В представительстве девочки доложили обо всем подполковнику Бесоеву, и тот отругал нас всех троих за бестолковость. Девочек он ругал как начальник, а меня за компанию, потому что я, с его точки зрения, тоже наделал глупостей, когда пытался оттолкнуть Феодору и открыть себя для выстрелов террориста. Из его слов я узнал много нового о себе и своих интеллектуальных способностях. В ответ я сказал, что, наверное, меня уже не переделать и прятаться за спиной у женщины – не мой удел. Вырос я из такого возраста, да и матушка, единственная моя защитница, умерла, когда мне было всего три года. Но я восхищаюсь храбростью моих телохранительниц, пусть даже они и девушки, поэтому прошу их не наказывать. Я лучше встану рядом с ними плечом к плечу или спина к спине, чтобы вместе победить или вместе погибнуть. Запомните, сказал я, я мужчина из рода Карагеоргивичей, а не дрожащий трус.
В ответ подполковник Бесоев поглядел на меня с сожалением, как на слабоумного, и вообще запретил нам покидать дипломатическое представительство, пояснив, что, к нашему счастью, потенциальным убийцей оказался полоумный дилетант, одержимый геростратовым комплексом. С эсеровским боевиком или религиозным фанатиком (к примеру, турецким) все могло быть намного серьезней и мы бы так легко уж точно бы не отделались. Те поцы, чтобы добраться до жертвы, готовы пристрелить родную мать, а не то что миловидную девицу. Есть там (точнее, были) и такие отморозки, что бомбу в толпу запросто могли бросить, лишь бы достать одного-единственного человека. Немного помолчав, подполковник добавил, что это еще не самое дно, бывает и хуже, но нам об этом знать не надо, потому что тут до этого не дошло. А посему все свободны, кругом все трое через левое плечо – и шагом марш, ать-два.
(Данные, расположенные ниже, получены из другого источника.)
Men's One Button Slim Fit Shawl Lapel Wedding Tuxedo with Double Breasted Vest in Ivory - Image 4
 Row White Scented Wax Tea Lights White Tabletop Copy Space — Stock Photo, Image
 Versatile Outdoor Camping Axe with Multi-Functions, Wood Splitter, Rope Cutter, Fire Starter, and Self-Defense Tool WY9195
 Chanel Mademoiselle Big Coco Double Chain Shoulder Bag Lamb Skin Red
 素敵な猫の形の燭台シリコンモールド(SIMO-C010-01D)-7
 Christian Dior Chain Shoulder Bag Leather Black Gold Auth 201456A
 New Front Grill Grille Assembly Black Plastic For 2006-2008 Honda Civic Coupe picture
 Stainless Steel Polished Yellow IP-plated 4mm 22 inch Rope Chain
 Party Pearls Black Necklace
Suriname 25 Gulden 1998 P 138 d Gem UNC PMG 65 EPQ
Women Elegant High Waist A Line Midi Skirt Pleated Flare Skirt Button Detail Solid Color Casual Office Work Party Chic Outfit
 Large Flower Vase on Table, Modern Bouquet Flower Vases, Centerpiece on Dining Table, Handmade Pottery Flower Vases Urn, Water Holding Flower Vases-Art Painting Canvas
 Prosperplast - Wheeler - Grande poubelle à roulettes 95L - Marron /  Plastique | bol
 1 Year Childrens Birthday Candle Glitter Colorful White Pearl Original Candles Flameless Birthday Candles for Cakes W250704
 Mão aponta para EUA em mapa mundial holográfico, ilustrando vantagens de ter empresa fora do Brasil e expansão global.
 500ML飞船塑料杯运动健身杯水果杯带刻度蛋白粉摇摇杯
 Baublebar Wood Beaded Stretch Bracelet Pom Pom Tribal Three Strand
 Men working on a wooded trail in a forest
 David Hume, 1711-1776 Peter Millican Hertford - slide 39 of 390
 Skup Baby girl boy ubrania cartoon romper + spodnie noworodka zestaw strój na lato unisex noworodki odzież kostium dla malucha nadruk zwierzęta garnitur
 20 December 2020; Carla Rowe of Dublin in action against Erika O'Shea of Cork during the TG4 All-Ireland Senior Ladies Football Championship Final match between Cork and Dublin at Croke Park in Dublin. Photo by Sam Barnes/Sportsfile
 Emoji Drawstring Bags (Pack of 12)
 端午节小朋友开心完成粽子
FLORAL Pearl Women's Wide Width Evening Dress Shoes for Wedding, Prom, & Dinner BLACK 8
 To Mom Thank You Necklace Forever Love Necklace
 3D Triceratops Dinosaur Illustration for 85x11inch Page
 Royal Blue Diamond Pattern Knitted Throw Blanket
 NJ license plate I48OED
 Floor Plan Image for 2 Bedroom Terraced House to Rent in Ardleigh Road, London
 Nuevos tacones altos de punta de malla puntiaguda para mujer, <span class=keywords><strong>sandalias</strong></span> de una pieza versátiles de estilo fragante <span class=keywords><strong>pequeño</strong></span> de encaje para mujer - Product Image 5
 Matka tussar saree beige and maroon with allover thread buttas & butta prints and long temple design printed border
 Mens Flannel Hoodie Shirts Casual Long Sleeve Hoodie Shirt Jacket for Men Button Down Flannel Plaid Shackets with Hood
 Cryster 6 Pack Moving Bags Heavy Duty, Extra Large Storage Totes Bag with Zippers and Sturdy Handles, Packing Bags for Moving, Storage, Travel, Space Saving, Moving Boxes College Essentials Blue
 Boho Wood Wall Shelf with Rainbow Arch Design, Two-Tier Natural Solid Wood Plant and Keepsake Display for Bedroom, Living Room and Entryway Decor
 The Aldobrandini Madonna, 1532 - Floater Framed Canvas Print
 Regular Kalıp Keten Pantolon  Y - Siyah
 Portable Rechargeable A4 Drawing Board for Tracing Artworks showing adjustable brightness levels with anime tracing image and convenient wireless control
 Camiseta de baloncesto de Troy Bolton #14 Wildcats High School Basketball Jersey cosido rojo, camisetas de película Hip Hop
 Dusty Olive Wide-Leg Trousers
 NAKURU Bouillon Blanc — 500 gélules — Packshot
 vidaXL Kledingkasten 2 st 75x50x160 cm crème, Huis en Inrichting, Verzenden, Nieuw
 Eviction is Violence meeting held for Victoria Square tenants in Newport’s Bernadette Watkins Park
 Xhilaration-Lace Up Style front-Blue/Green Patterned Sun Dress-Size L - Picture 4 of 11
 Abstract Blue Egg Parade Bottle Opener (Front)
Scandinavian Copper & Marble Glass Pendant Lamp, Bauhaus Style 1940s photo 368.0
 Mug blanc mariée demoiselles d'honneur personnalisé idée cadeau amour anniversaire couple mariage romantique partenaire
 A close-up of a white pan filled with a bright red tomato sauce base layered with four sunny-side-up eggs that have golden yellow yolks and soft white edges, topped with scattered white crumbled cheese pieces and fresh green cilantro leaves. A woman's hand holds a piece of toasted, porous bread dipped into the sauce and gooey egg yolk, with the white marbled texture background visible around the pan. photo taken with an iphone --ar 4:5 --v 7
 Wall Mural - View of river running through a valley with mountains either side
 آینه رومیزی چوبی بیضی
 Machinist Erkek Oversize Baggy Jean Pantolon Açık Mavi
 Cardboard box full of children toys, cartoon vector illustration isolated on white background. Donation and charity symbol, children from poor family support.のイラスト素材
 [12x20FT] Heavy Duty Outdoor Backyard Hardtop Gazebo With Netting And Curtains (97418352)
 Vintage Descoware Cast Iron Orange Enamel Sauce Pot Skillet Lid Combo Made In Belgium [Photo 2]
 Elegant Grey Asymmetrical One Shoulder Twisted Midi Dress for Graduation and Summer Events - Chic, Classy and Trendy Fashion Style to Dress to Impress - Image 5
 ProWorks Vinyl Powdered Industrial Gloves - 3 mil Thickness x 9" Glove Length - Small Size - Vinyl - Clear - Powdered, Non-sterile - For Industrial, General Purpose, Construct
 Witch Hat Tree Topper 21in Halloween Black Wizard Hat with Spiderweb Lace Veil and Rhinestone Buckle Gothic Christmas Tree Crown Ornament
Тут надо сказать, что к тому времени я уже достаточно сроднился с «сестренками». Мы уже два дня вместе ели, вместе пили (ситро и чай), вместе спали, и это оказалось совсем не страшно. Девочки были теплые, мягкие и хорошо пахли, а я… я так выматывался, что был способен только спать, и ничего больше. Зато спать с ними в одной постели было так сладко, что раньше я никогда так хорошо не высыпался. И если первую ночь я еще дичился и то и дело просыпался, не понимая, где нахожусь, то вторая и третья ночи прошли у меня в полной неге. Это даже приятнее, чем спать с двумя мурлыкающими кошками. Что же касается этого дела… ну, того что происходит между мужчиной и женщиной в постели, когда они остаются наедине – то и мы с Феодорой и Анной не были наедине в прямом смысле этого слова. Нас всегда было трое. Вот если бы я остался вдвоем с одной из девочек, тогда да, нас могли бы одолеть грешные мысли, и пришлось бы прибегать к чему-то вроде обнаженного меча*, чтобы отделить женскую половину кровати от мужской. А втроем… мне и в кошмарном сне не могло прийти такое в голову… чтобы с двумя сразу. Голыми… Стыдоба же! Ну, в общем, понимаете, даже если бы я чего-то захотел, то ничего бы и не вышло.
Примечание авторов: *
Тем более я накрепко вбил себе в голову, что мои очаровательные телохранительницы – это мои названные «сестренки». А слово «сестра» для меня свято. К тому же было видно, что я девочкам тоже нравлюсь, но они при этом не торопят события и предпочитают видеть во мне эдакого «братца», о котором надо заботиться и которого надо опекать. А забота «сестричек» была куда приятнее, чем забота слуг. Слуги делают это по обязанности, а Анна и Феодора вкладывали в заботу хотя бы немного личного чувства, ведь я же был для них красавчиком и нравился обеим, и в то же время мы оставались как бы родственниками, в силу чего не переходили барьера. А после того случая, когда Феодора пыталась закрыть меня от пули, она стала моей боевой побратимкой, вступать в отношения с которой было для меня сродни святотатству. Впрочем, и Анна воспринималась мною точно так же, да только Феодора нравилась мне чуточку больше.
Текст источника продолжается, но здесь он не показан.